↓↓↓

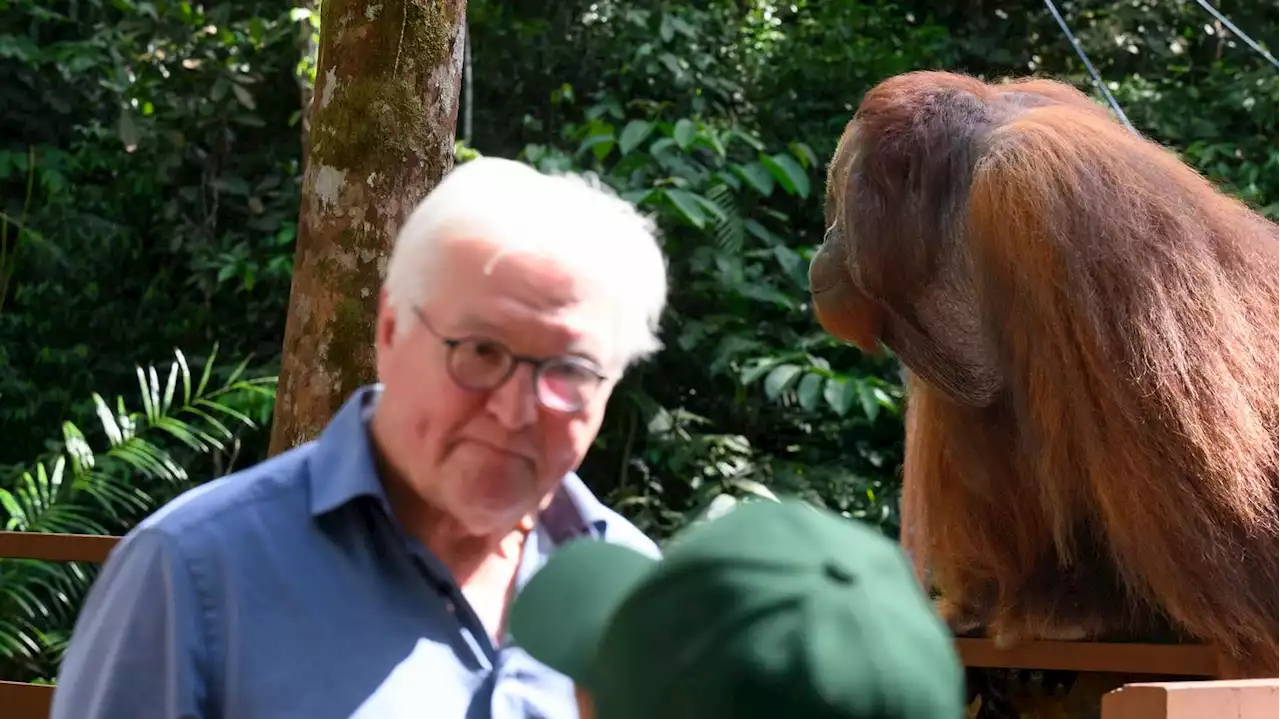 „Ist mir auch noch nicht passiert“: Orang-Utan Erwin kommt Bundespräsident Steinmeier in die Quere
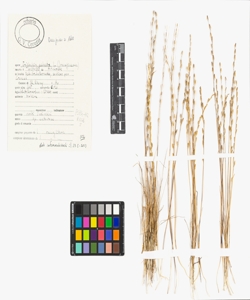 Triglochin palustre L.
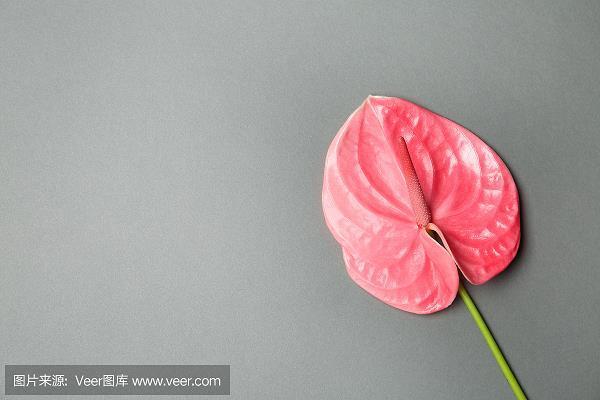 冤家宜解不宜结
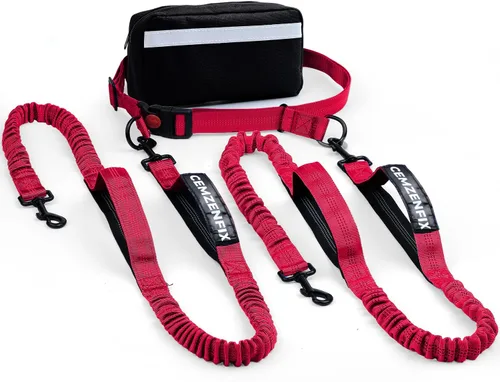 Vista 16 de Correa de perro manos libres con cinturón – Bungee sin tirones, asas acolchadas dobles y bolsa con cremallera para correr, caminar y entrenar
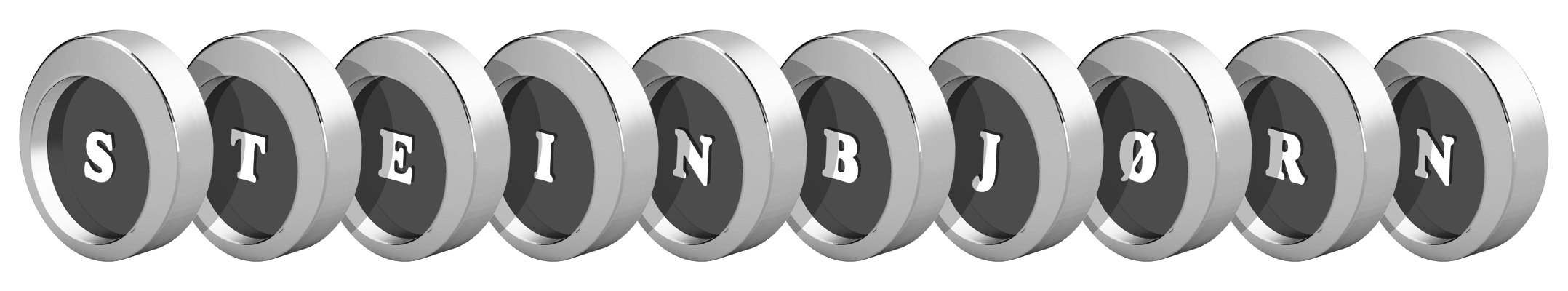 Steinbjørn coins logo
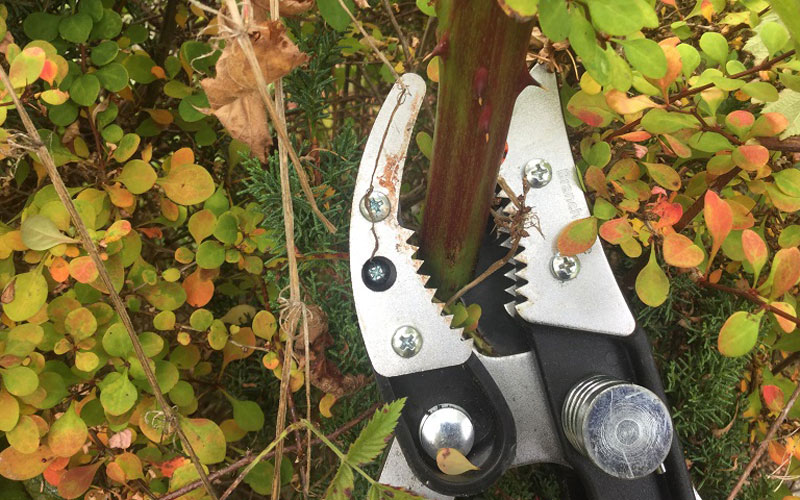 Fiskars Cut and Grab Loppers with the blackberry bush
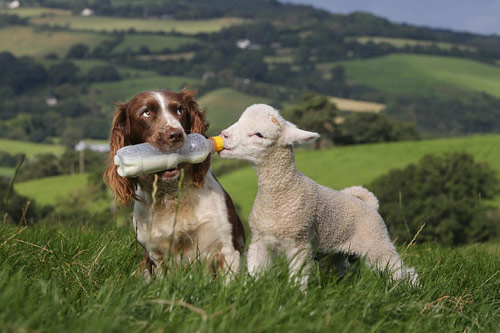 Chó làm bảo mẫu cho cừu - 4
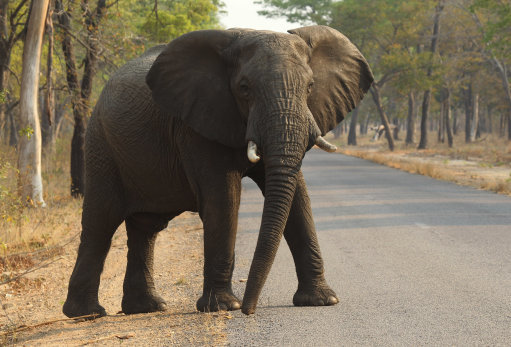 Zimbabwe Poisoned Elephants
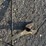 #37-•-snap-up-lever-for-trailer-hitch-image-1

↑↑↑

▶ _Directions_
When you reach the line that contains "Zimbabwe Poisoned Elephants" in the records above, copy it and every line after it exactly through the last one, leaving out the pictures.

▶ _Response to this exercise_
 Zimbabwe Poisoned Elephants
 #37-•-snap-up-lever-for-trailer-hitch-image-1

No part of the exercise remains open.